# [Source data]
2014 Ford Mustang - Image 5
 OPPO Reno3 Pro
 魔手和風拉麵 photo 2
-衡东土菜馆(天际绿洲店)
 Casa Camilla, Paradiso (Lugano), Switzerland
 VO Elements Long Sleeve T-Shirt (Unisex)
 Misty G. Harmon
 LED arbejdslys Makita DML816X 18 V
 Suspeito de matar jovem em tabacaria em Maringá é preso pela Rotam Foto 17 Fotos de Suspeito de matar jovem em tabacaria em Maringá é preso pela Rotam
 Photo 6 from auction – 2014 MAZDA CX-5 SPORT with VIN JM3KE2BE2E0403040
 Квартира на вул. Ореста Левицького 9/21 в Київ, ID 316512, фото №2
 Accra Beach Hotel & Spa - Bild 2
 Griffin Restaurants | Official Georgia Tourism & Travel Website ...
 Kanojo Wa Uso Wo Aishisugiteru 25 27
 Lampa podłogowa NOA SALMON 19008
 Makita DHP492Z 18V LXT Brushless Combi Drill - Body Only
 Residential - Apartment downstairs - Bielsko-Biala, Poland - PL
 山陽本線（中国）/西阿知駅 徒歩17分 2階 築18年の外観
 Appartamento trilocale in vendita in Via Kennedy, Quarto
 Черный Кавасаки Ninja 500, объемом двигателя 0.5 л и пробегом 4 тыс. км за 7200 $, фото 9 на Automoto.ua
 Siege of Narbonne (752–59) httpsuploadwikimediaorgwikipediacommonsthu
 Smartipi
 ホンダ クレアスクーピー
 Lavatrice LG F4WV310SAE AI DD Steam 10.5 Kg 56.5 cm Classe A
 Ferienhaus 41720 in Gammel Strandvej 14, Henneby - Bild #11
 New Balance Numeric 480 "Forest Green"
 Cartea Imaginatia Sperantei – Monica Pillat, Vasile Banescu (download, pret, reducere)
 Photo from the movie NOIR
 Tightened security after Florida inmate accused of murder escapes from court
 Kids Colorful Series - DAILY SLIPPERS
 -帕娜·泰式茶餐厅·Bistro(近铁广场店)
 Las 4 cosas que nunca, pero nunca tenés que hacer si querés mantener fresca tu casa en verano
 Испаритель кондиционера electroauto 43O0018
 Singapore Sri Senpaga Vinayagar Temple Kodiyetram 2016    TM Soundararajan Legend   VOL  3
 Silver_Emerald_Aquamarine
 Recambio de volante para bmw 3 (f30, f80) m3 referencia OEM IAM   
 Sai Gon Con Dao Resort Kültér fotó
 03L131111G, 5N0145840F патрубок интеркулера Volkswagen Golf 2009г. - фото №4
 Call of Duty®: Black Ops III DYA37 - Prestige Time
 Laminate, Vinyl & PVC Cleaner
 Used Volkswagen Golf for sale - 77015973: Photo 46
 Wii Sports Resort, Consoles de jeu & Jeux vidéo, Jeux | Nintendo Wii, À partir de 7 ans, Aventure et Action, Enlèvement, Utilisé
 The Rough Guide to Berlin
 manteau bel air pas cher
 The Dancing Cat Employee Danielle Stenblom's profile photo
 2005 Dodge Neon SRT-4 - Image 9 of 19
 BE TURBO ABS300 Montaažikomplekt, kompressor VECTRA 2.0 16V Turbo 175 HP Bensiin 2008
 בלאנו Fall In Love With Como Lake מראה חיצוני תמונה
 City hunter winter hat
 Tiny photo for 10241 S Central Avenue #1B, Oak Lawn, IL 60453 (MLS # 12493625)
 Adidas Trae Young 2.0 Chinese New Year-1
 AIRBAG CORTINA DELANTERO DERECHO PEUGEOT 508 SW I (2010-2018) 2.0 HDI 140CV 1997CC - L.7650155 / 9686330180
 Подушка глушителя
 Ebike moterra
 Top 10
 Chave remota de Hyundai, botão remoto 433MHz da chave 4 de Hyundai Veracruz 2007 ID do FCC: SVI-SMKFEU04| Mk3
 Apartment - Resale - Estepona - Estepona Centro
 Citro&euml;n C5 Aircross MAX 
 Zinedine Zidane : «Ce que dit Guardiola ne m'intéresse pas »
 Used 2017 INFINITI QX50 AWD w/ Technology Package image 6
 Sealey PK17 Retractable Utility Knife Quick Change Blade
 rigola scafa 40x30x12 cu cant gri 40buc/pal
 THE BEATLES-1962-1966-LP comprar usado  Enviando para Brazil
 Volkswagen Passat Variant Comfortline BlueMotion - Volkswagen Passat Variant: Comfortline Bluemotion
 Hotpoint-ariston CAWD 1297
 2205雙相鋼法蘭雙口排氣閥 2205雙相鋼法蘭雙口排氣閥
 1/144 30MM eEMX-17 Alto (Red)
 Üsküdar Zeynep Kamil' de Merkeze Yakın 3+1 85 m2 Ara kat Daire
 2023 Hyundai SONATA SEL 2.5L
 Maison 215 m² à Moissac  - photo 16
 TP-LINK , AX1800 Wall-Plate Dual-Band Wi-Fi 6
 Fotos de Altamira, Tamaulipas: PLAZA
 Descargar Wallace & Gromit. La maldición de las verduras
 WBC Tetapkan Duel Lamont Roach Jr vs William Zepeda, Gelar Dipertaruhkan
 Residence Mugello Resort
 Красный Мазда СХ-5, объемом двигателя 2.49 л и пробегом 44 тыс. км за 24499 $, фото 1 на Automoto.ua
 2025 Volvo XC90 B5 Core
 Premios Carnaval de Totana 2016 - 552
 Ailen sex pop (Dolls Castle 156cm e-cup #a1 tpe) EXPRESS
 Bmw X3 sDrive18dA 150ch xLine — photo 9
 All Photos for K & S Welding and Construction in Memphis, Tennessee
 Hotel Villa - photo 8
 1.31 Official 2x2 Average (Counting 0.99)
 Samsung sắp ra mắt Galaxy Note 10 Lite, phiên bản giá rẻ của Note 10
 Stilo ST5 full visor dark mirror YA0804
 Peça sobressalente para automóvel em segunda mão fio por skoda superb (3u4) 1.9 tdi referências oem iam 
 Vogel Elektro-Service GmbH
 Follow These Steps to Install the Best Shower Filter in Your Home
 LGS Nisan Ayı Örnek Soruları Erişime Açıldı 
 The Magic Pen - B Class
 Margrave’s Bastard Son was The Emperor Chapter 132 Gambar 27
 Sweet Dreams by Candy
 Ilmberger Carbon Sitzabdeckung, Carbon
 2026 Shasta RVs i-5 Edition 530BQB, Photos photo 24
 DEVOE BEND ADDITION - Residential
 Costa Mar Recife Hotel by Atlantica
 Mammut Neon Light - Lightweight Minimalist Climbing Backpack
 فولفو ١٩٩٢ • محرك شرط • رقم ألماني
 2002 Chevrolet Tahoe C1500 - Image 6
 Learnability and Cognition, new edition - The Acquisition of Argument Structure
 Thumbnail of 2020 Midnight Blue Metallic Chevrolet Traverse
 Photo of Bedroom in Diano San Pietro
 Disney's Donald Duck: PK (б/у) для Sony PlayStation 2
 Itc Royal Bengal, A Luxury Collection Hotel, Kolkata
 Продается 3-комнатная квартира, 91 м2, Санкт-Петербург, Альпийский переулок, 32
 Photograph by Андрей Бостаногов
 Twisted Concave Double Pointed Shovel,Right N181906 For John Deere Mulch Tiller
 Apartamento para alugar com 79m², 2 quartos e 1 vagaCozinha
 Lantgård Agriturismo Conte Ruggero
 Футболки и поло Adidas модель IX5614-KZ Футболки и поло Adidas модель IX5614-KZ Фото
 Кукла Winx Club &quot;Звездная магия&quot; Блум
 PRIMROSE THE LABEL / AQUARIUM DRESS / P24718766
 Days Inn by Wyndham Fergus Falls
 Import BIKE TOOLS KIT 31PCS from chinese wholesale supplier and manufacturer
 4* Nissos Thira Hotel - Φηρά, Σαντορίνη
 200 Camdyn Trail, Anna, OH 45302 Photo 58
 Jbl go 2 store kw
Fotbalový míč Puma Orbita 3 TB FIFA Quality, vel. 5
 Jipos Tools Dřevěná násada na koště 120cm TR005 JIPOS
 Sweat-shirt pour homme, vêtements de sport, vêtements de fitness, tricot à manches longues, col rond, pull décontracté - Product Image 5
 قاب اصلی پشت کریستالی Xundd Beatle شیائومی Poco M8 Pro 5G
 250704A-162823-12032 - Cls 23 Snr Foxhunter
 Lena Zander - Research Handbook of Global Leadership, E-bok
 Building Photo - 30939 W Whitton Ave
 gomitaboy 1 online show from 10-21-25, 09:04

# [To do]
How many lines of the records contain "Adidas"? Answer with the number only.

# [Task solution]
2